- [WHAT THE EXERCISE ASKS]
Reproduce precisely the lines of the listing below, starting with the line that contains "paire de boucles" and stopping after the line that contains "Shoesme metallic-zwarte bikerboot"; include nothing else.

- [ENTRIES SHOWN]
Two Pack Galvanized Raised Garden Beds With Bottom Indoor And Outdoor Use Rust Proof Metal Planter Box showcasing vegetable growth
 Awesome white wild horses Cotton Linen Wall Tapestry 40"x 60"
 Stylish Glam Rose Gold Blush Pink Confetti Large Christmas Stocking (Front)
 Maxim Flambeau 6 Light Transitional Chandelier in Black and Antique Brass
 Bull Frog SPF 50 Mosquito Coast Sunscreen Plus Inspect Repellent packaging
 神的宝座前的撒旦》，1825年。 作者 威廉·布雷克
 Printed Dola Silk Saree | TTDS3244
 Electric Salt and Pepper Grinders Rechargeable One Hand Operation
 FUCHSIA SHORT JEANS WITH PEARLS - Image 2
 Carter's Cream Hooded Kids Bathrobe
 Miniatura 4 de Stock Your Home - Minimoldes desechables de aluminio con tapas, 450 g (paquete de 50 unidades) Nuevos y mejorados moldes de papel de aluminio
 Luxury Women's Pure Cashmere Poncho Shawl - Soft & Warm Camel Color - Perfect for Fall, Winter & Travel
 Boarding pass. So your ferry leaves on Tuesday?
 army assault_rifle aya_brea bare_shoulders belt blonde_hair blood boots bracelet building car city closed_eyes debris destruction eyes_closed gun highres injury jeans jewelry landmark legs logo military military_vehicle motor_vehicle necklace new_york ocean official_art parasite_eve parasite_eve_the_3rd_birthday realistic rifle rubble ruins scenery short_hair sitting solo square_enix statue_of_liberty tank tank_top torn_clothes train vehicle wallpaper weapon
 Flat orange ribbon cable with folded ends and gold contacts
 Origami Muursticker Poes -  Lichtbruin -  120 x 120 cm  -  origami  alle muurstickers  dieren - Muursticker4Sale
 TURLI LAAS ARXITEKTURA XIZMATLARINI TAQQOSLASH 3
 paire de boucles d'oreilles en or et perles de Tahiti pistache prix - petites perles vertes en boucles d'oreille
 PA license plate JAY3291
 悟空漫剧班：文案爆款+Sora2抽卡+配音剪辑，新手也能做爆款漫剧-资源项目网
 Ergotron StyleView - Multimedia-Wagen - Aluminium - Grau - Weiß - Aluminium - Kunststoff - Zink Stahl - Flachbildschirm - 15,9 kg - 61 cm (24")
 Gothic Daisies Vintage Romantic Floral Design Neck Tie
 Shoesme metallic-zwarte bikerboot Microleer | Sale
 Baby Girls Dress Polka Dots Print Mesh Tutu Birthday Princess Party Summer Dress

- [EXERCISE RESULT]
 paire de boucles d'oreilles en or et perles de Tahiti pistache prix - petites perles vertes en boucles d'oreille
 PA license plate JAY3291
 悟空漫剧班：文案爆款+Sora2抽卡+配音剪辑，新手也能做爆款漫剧-资源项目网
 Ergotron StyleView - Multimedia-Wagen - Aluminium - Grau - Weiß - Aluminium - Kunststoff - Zink Stahl - Flachbildschirm - 15,9 kg - 61 cm (24")
 Gothic Daisies Vintage Romantic Floral Design Neck Tie
 Shoesme metallic-zwarte bikerboot Microleer | Sale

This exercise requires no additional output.